Fitting a multivariate mixture model framework, model selection for the best model, and adaptive procedure for FDR control. Input of summary statistics z scores or p values of two or three data types.
IMIX( data_input, data_type = c("p", "z"), mu_ini = NULL, sigma_ini = NULL, p_ini = NULL, tol = 1e-06, maxiter = 1000, seed = 10, ini.ind = TRUE, model = c("all", "IMIX_ind", "IMIX_cor_twostep", "IMIX_cor_restrict", "IMIX_cor"), model_selection_method = c("BIC", "AIC"), alpha = 0.2, verbose = FALSE, sort_label = TRUE )
IMIX( data_input, data_type = c("p", "z"), mu_ini = NULL, sigma_ini = NULL, p_ini = NULL, tol = 1e-06, maxiter = 1000, seed = 10, ini.ind = TRUE, model = c("all", "IMIX_ind", "IMIX_cor_twostep", "IMIX_cor_restrict", "IMIX_cor"), model_selection_method = c("BIC", "AIC"), alpha = 0.2, verbose = FALSE, sort_label = TRUE )
data_input |
An n x d data frame or matrix of the summary statistics z score or p value, n is the nubmer of genes, d is the number of data types.

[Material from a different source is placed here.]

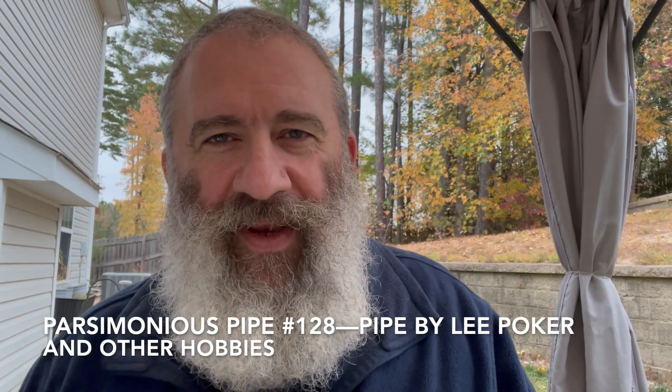Hello online pipe community, Ethan Parsimonious Piper here. Today we've got another Parsimonious Pipe. Before I get into the pipe, let's talk about what's in it. I am smoking this week's Blend of the Week — Peterson Irish Flake. We'll talk about it Tuesday. I am a couple days behind on videos, but I am not a couple of days behind on smoking this blend. I have been smoking it the last few days, revisiting it.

Each row is a gene, each column is a data type. |
data_type |
Whether the input data is the p values or z scores, default is p value |
mu_ini |
Initial values for the mean of the independent mixture model distribution. A vector of length 2*d, d is number of data types. Needs to be in a special format: for example, if d=3, needs to be in the format of (null_1,alternative_1,null_2,alternative_2,null_3,alternative_3). |
sigma_ini |
Initial values for the standard deviations of the two components in each data type. A vector of length 2*d, d is number of data types. Needs to be in a special format: for example, if d=3, needs to be in the format of (null_1,alternative_1,null_2,alternative_2,null_3,alternative_3). |
p_ini |
Initial values for the proportion of the distribution of the two components in each data type. A vector of length 2*d, d is number of data types. Needs to be in a special format: for example, if d=3, needs to be in the format of (null_1,alternative_1,null_2,alternative_2,null_3,alternative_3). |
tol |
The convergence criterion. Convergence is declared when the change in the observed data log-likelihood increases by less than epsilon. |
maxiter |
The maximum number of iteration, default is 1000 |
seed |
Set.seed, default is 10 |
ini.ind |
Use the parameters estimated from IMIX-ind for initial values of other IMIX models, default is TRUE |
model |
Which model to use to compute the data, default is all |
model_selection_method |
Model selection information criteria, based on AIC or BIC, default is BIC |
alpha |
Prespecified nominal level for global FDR control, default is 0.2 |
verbose |
Whether to print the full log-likelihood for each iteration, default is FALSE |
sort_label |
Whether to sort the component labels in case component labels switched after convergence of the initial values, default is TRUE, notice that if the users chooose not to, they might need to check the interested IMIX model for the converged mean for the true component labels and perform the adaptive FDR control separately for an acurate result |
A list of results of IMIX
IMIX_ind |
Results of IMIX_ind, assuming all data types are independent |
IMIX_cor_twostep |
Results of IMIX_cor_twostep, by default the mean is the estimated value of IMIX_ind. If the users are interested to use another mean input, they could directly use function IMIX_cor_twostep and specify the mean |
IMIX_cor |
Results of IMIX_cor |
IMIX_cor_restrict |
Results of IMIX_cor_restrict |
AIC/BIC |
The AIC and BIC values of all fitted models |
Selected Model |
The model with the smallest AIC or BIC value, this is determined by user specifications in the function input "model_selection_method", by default is BIC |
significant_genes_with_FDRcontrol |
The output of each gene ordered by the components based on FDR control and within each component ordered by the local FDR, "localFDR" is 1-posterior probability of each gene in the component based on the maximum posterior probability, "class_withoutFDRcontrol" is the classified component based on maximum posterior probability, "class_FDRcontrol" is the classified component based on the across-data-type FDR control at alpha level |
estimatedFDR |
The estimated marginal FDR value for each component starting from component 2 (component 1 is the global null) |
alpha |
Prespecified nominal level for the across-data-type FDR control |
Ziqiao Wang and Peng Wei. 2020. “IMIX: a multivariate mixture model approach to association analysis through multi-omics data integration.” Bioinformatics. <doi:10.1093/bioinformatics/btaa1001>.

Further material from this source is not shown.